Through a series of long-term column experiments, the fate of three common pharmaceuticals (carbamazepine (CBZ), diclofenac, and indomethacin) and their major phase I metabolites in soil aquifer treatment (SAT) were monitored. CBZ concentration increased by a factor of two (from 37 to ca. 70 ng/L) regardless of the treatment conditions, and its metabolites, 10,11-dihydro-10-hydroxycarbamazepine (approximately 500 ng/L after SAT) and CBZ-10,11-epoxide (12–42 ng/L after SAT) were not effectively removed after SAT. Our results indicated that some metabolites of pharmaceuticals are present at much higher concentration than the original forms in the SAT effluent, and that some metabolites are more persistent during SAT with a relatively short retention time (i.e., 30 days). The study indicated that more attention should be paid to the formation and fate of metabolites in the water quality management of SAT effluent.

INTRODUCTION

In many parts of the world, water shortage is a serious problem. In addition to the uneven distribution of water resources and the high population concentration in large cities, extreme weather conditions resulting from global climate change have exacerbated the situation (Arnell 1999). Water reclamation has become an important method to mitigate this problem. Over the past several decades, wastewater reclamation has even become employed for potable use in arid areas of the world (e.g., Asano et al. 2007).

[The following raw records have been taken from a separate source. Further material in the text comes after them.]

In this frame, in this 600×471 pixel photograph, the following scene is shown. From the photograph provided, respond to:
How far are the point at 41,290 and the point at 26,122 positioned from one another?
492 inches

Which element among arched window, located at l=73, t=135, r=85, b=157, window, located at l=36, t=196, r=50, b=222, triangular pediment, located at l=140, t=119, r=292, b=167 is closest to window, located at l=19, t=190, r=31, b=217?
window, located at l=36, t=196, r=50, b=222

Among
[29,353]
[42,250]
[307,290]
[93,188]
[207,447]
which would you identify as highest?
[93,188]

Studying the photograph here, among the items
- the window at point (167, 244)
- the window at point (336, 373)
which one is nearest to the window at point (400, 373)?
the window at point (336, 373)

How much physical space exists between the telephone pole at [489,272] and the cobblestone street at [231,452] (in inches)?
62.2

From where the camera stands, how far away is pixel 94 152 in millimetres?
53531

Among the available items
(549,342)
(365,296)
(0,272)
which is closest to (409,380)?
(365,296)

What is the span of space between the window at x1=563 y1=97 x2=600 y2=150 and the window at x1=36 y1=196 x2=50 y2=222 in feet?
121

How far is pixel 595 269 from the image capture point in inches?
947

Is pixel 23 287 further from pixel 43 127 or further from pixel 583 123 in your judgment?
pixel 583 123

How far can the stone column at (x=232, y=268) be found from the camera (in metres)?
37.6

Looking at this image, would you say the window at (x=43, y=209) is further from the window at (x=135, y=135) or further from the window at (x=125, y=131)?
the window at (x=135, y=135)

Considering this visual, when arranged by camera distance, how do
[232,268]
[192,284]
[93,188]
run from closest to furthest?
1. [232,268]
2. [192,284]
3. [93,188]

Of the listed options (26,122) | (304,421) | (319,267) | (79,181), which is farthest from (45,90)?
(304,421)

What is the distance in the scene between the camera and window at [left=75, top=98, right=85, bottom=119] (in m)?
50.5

Soil aquifer treatment (SAT) is a common method for water reclamation (Quanrud et al. 1996; Dillon et al. 2006). Many studies have demonstrated its ability to decompose or remove organic compounds by biodegradation and/or adsorption (e.g., Quanrud et al. 2003).

Pharmaceuticals and personal care products (PPCPs) are a major safety concern in the reuse of wastewater effluent. The safety of PPCPs for humans at the high doses intended for medical use and, in some cases, aquatic ecosystems (Anzai et al. 2007), have to be confirmed before they are employed. However, the effects of PPCPs themselves and their metabolites on human health and the natural environment through the long-term exposure in the form of mixtures are not yet fully understood. Many researchers have reported the decomposition of various PPCPs by SAT (e.g., Massmann et al. 2006; Maeng et al. 2011 and references therein), but information on the presence and fate of PPCP metabolites in SAT is still limited despite recent research efforts (e.g., Montgomery-Brown et al. 2003; Schulz et al. 2008; Li et al. 2013; Hübner et al. 2014).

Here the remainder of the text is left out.